• **Task**
Each line from the one containing "MULTIPLEX NUCLEIC ACID" to the end of the entries below must be restated exactly, and no other line should appear.

• **Record excerpts**
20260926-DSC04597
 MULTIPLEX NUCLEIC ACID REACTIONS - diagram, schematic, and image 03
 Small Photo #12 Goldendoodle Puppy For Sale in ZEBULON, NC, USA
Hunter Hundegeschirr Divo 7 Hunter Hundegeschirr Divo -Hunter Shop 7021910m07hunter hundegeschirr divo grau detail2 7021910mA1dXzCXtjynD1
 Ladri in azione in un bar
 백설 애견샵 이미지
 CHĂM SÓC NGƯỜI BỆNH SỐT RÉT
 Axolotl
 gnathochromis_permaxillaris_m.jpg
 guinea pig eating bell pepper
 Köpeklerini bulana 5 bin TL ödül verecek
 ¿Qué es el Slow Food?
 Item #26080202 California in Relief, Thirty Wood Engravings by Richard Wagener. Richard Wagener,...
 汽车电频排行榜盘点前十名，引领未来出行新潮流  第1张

• **Task solution**
 MULTIPLEX NUCLEIC ACID REACTIONS - diagram, schematic, and image 03
 Small Photo #12 Goldendoodle Puppy For Sale in ZEBULON, NC, USA
Hunter Hundegeschirr Divo 7 Hunter Hundegeschirr Divo -Hunter Shop 7021910m07hunter hundegeschirr divo grau detail2 7021910mA1dXzCXtjynD1
 Ladri in azione in un bar
 백설 애견샵 이미지
 CHĂM SÓC NGƯỜI BỆNH SỐT RÉT
 Axolotl
 gnathochromis_permaxillaris_m.jpg
 guinea pig eating bell pepper
 Köpeklerini bulana 5 bin TL ödül verecek
 ¿Qué es el Slow Food?
 Item #26080202 California in Relief, Thirty Wood Engravings by Richard Wagener. Richard Wagener,...
 汽车电频排行榜盘点前十名，引领未来出行新潮流  第1张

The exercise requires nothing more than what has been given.